Across-experiment analyses (1–3)

Response and accuracy

Before turning to Experiment 4, we analyze data collapsed across all three experiments to address two questions. First, we consider whether the effect of accuracy on pleasantness ratings is generally reliable. In all experiments, inaccurate memory judgments yielded pleasantness ratings slightly lower than accurate judgments (Figs. 1, 2, and 3). When considered isolation this was only statistically reliable in Experiment 2, but the numerical consistency across the three experiments suggests there is a likely a modest reduction in rated pleasantness accompanying erroneous memory decisions. Indeed, when the data are combined across the three experiments, an ANOVA with factors of Experiment, Response (confirmation or disconfirmation) and Accuracy yields a reliable main effect of Accuracy (F(1,210) = 14.17, ηp2 = .06, p < .001), indicating a small but reliable reduction of rated pleasantness for inaccurate compared to accurate responding.

Item-selection artifacts

The second question we consider is the relationship of each of the four possible memory outcomes (hit, false alarm, correct rejection or miss) to the normative baseline. In the analyses within each experiment, we contrasted each outcome to the grand mean of the normative pleasantness ratings of 3.52. This is warranted and powerful as long as there is no interaction between normative item pleasantness and actual memorability. For example, if more pleasant items were better encoded, then subsequent hits would be rated as more pleasant than subsequent misses but this would not necessarily mean that the memory decision itself was directly affecting the pleasantness rating. Alternatively, items garnering false alarms might have had generally higher pre-experimental fluency (hence driving the false alarm behavior) and thus, under fluency accounts, would be expected to yield high pleasantness ratings. More generally then, any systematic relationship between baseline item fluency and outcomes, or between baseline item pleasantness and encoding, might lead to an item selection artifact such that differences in the outcome bins do not directly reflect decision processes altering affect. Instead, these differences would reflect that items with differing levels of pre-experimental pleasantness or familiarity are ending up in different memory outcome bins.

To address this, it is necessary to control for item selection when considering potential effects of memorial decisions on rated pleasantness, which cannot be done by using the overall baseline pleasantness as a comparison value. For instance, if during recognition a subject missed “pickle,” “napkin,” and “freedom,” the question is whether his or her rated pleasantness for these particular materials differs from (i.e., is lower than) the normative ratings for “pickle,” “napkin,” and “freedom,” specifically. If so, then it is clear that the memory decision outcome is altering the ratings for these items, as opposed to their having been missed due to lower pre-experimental pleasantness or familiarity.

For each memory outcome (hits, false alarms, correct rejections, and misses) we conducted a two-way mixed ANOVA with a between groups factor of Experiment and repeated measures factor of Rating (subject’s mean rating vs. the normative mean for those specific items).

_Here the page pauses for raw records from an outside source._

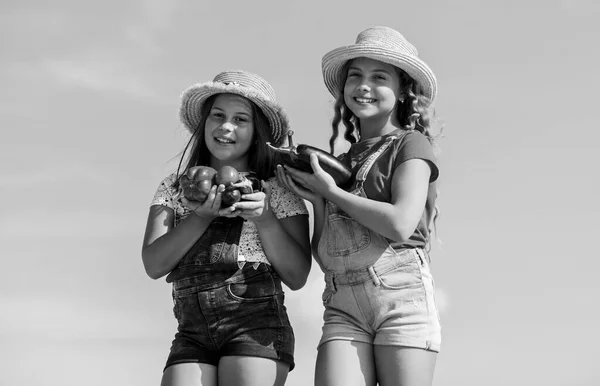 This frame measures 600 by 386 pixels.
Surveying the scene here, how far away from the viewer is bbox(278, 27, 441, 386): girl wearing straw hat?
5652 millimetres

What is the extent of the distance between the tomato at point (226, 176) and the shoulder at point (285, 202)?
504 millimetres

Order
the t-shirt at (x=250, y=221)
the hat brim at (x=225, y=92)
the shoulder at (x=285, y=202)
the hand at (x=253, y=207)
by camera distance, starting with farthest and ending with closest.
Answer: the hat brim at (x=225, y=92) < the shoulder at (x=285, y=202) < the t-shirt at (x=250, y=221) < the hand at (x=253, y=207)

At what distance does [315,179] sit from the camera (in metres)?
5.98

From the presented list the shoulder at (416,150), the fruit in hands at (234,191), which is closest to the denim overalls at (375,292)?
the shoulder at (416,150)

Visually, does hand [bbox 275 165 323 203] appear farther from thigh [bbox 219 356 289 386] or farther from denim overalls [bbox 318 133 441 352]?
thigh [bbox 219 356 289 386]

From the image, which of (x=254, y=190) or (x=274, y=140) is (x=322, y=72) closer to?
(x=274, y=140)

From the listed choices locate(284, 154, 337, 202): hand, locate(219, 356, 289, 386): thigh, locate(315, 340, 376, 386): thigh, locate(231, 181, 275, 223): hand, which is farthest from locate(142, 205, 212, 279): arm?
locate(315, 340, 376, 386): thigh

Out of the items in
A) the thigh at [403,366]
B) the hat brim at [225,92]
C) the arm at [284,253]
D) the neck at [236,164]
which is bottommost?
the thigh at [403,366]

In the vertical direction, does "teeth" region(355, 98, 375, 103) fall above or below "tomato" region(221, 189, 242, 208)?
above

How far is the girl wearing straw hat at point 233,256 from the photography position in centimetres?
604

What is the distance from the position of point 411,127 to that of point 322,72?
99 centimetres

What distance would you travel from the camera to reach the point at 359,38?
6723 millimetres

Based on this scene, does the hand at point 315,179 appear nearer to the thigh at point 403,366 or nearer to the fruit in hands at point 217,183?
the fruit in hands at point 217,183

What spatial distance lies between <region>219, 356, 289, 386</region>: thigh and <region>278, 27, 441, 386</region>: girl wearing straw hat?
1.28 ft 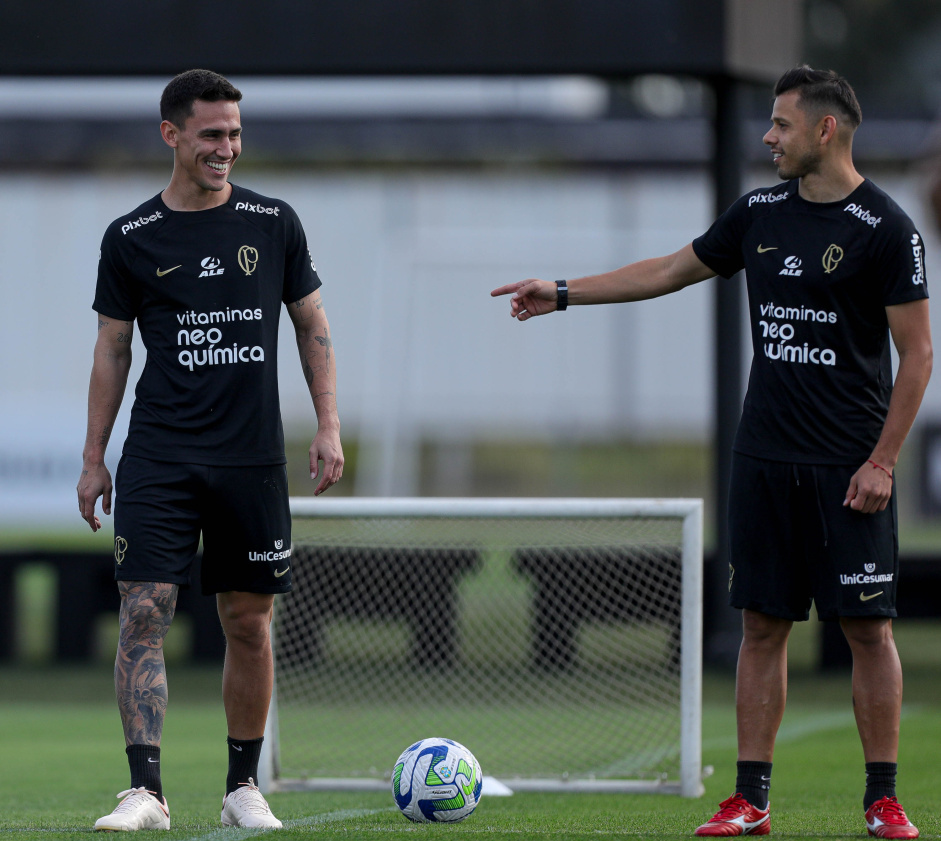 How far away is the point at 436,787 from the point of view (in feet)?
12.0

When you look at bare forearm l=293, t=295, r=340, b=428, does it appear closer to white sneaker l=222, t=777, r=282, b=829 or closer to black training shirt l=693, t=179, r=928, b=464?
white sneaker l=222, t=777, r=282, b=829

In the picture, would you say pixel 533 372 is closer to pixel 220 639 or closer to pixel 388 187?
pixel 388 187

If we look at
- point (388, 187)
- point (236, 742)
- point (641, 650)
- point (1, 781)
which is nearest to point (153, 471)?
point (236, 742)

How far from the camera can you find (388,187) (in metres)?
22.9

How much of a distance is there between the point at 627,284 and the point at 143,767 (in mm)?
1796

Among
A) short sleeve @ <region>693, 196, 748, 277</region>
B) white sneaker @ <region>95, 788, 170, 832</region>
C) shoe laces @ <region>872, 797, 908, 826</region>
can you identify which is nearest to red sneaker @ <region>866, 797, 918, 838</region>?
shoe laces @ <region>872, 797, 908, 826</region>

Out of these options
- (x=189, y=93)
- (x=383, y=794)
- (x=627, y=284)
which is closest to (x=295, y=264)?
(x=189, y=93)

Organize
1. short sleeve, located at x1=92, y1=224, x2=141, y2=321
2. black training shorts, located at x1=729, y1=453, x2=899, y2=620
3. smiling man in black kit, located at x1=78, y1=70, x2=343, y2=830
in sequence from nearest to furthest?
black training shorts, located at x1=729, y1=453, x2=899, y2=620 < smiling man in black kit, located at x1=78, y1=70, x2=343, y2=830 < short sleeve, located at x1=92, y1=224, x2=141, y2=321

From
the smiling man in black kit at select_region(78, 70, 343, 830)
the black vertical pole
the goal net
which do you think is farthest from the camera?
the black vertical pole

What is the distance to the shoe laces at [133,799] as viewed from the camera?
3297mm

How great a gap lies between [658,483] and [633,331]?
2287mm

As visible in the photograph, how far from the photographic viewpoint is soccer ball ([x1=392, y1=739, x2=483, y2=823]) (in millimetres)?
3648

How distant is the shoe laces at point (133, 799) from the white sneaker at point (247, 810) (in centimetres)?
25

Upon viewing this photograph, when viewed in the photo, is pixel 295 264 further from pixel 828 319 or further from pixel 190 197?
pixel 828 319
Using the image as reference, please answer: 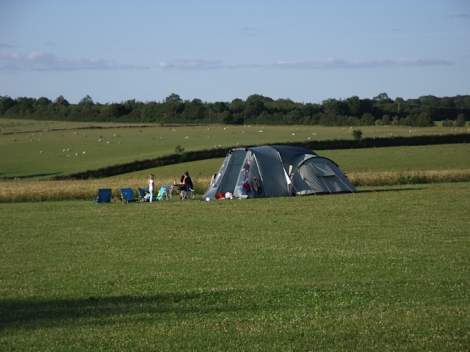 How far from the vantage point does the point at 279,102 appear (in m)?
145

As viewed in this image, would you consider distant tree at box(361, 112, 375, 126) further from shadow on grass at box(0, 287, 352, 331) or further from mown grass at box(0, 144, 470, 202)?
shadow on grass at box(0, 287, 352, 331)

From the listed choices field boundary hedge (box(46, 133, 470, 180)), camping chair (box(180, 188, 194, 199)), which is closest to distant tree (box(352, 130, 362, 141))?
field boundary hedge (box(46, 133, 470, 180))

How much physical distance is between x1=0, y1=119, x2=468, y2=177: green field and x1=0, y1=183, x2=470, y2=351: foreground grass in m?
42.1

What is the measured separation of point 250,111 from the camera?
415ft

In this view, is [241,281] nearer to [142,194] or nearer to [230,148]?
[142,194]

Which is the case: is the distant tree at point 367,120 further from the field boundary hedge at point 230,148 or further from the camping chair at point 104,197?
the camping chair at point 104,197

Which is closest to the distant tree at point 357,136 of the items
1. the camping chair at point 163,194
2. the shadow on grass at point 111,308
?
the camping chair at point 163,194

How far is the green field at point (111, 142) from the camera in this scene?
71.3 metres

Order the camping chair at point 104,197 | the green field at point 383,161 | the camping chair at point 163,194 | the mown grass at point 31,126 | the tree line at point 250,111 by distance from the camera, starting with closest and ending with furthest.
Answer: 1. the camping chair at point 104,197
2. the camping chair at point 163,194
3. the green field at point 383,161
4. the mown grass at point 31,126
5. the tree line at point 250,111

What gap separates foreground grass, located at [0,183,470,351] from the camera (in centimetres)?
1050

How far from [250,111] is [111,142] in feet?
137

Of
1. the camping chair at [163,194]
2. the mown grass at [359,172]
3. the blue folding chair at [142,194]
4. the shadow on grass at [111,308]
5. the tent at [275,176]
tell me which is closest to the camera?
the shadow on grass at [111,308]

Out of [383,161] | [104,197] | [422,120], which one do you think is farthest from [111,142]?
[104,197]

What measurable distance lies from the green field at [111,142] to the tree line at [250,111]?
19.0m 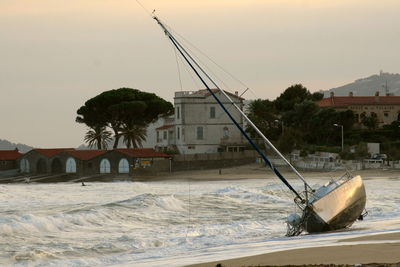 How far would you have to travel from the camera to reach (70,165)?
9350cm

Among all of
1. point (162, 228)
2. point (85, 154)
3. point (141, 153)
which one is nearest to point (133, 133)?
point (85, 154)

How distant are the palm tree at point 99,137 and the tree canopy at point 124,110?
51cm

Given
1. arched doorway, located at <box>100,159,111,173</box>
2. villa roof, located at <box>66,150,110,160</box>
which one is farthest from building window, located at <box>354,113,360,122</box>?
villa roof, located at <box>66,150,110,160</box>

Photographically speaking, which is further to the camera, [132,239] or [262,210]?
[262,210]

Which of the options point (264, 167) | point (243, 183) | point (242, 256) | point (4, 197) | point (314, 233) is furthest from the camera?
point (264, 167)

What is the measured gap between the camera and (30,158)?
3861 inches

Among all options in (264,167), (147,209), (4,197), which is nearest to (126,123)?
(264,167)

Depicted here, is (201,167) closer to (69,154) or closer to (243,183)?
(69,154)

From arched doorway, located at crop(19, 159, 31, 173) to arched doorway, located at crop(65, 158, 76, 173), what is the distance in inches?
262

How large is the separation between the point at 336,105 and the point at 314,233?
72003mm

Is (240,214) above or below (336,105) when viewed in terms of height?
below

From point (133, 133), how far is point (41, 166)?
1171cm

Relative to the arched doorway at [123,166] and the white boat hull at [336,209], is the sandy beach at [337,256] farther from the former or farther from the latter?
the arched doorway at [123,166]

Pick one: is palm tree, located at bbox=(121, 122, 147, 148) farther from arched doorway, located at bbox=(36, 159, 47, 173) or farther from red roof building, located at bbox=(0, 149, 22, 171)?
red roof building, located at bbox=(0, 149, 22, 171) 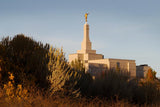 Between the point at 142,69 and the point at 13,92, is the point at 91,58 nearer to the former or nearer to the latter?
the point at 142,69

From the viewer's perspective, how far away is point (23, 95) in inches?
444

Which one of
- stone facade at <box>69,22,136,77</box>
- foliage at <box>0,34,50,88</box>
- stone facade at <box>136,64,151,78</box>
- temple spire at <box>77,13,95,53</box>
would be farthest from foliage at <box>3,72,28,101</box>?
stone facade at <box>136,64,151,78</box>

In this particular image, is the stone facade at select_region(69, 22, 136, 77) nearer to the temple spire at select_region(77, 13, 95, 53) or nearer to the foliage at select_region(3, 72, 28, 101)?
the temple spire at select_region(77, 13, 95, 53)

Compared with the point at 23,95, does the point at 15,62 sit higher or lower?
higher

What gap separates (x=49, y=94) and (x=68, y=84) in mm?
1290

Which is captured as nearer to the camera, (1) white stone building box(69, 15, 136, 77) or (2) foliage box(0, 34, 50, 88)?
(2) foliage box(0, 34, 50, 88)

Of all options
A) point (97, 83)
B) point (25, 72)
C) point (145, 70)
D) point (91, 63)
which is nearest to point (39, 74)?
point (25, 72)

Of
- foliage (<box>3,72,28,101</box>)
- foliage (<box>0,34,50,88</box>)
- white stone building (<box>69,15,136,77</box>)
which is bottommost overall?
foliage (<box>3,72,28,101</box>)

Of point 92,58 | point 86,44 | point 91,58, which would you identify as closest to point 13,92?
point 86,44

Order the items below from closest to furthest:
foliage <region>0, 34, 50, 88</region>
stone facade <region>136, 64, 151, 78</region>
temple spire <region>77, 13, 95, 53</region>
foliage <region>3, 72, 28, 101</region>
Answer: foliage <region>3, 72, 28, 101</region>
foliage <region>0, 34, 50, 88</region>
temple spire <region>77, 13, 95, 53</region>
stone facade <region>136, 64, 151, 78</region>

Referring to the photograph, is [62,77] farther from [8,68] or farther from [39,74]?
[8,68]

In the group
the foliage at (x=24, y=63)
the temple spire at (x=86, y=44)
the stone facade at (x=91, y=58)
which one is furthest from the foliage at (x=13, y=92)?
the temple spire at (x=86, y=44)

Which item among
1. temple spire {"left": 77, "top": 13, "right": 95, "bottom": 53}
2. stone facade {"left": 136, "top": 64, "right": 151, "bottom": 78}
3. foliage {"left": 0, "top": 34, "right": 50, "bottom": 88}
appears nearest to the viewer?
foliage {"left": 0, "top": 34, "right": 50, "bottom": 88}

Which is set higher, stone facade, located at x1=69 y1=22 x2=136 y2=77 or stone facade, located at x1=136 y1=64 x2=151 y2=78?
stone facade, located at x1=69 y1=22 x2=136 y2=77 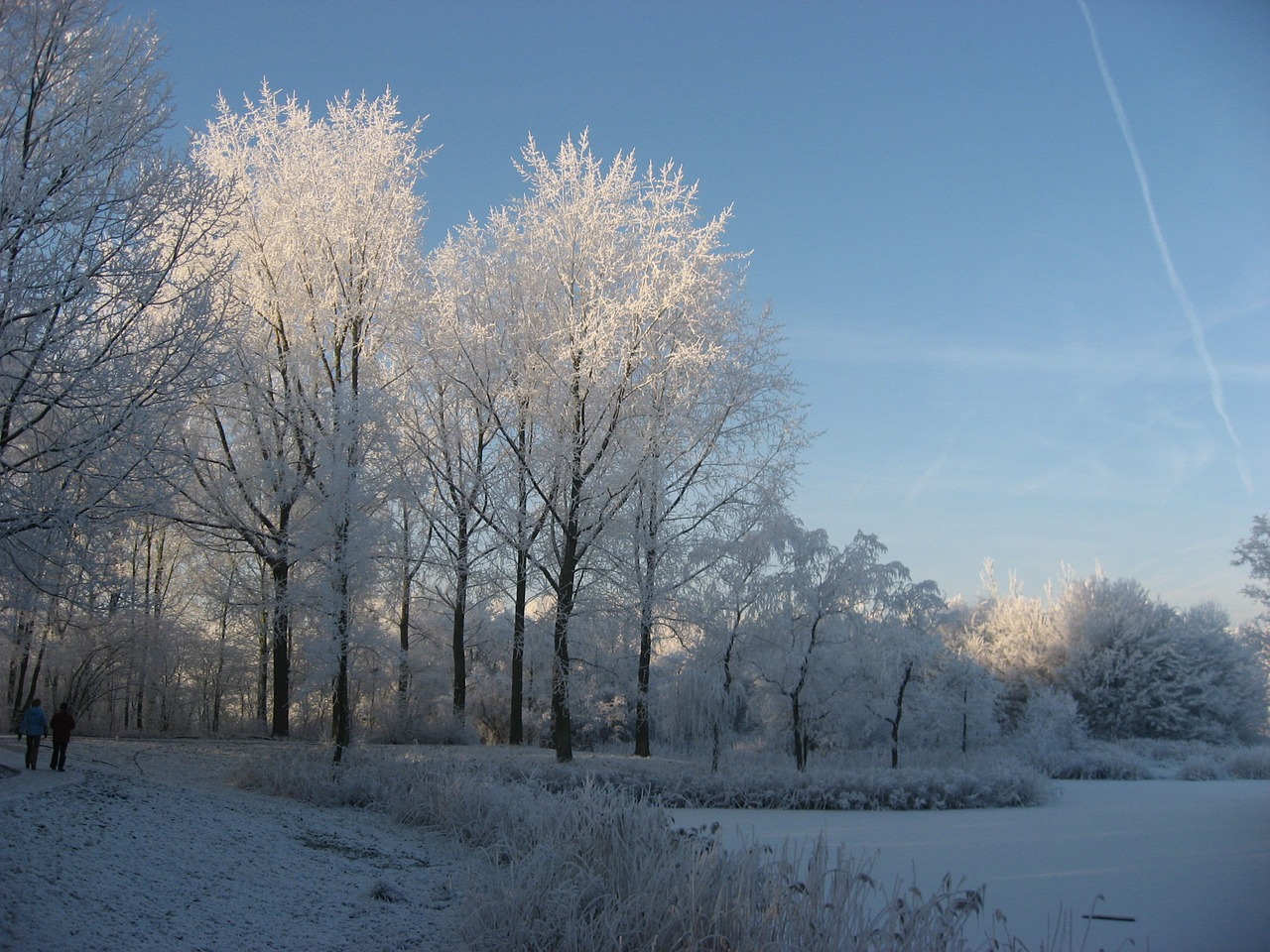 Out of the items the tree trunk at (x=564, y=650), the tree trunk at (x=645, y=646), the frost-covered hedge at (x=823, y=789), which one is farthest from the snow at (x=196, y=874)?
the tree trunk at (x=645, y=646)

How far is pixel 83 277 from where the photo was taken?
919 cm

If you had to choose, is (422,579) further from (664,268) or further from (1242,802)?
(1242,802)

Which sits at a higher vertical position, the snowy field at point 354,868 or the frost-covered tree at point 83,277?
the frost-covered tree at point 83,277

In none of the four analyses did Experiment yield a significant main effect or interact with Rating. For hits there was a reliable main effect of rating (F(1,210) = 18.08, ηp2 = .08, p < .001) demonstrating they increased rated pleasantness relative to baseline. For false alarms the ratings were numerically higher than baseline, but not reliably so (F(1,210) =2.76, ηp2 = .01, p = .10). For correct rejections the ratings were reliably below baseline (F(1,210) = 9.40, ηp2 = .04, p = .002), which also occurred for misses (F(1,210) = 16.52, ηp2 = .07, p < .001). These findings converge with those of the prior analyses, and rule out an item selection interpretation. Correct confirmatory memory reports increase rated pleasantness, whereas both correct and incorrect disconfirmatory reports actually decrease rated pleasantness. False alarms did not reliably increase rated pleasantness but this likely reflects the fact that they are infrequent (increasing variability) and that errors yield lower pleasantness ratings than correct responding (pushing pleasantness towards baseline).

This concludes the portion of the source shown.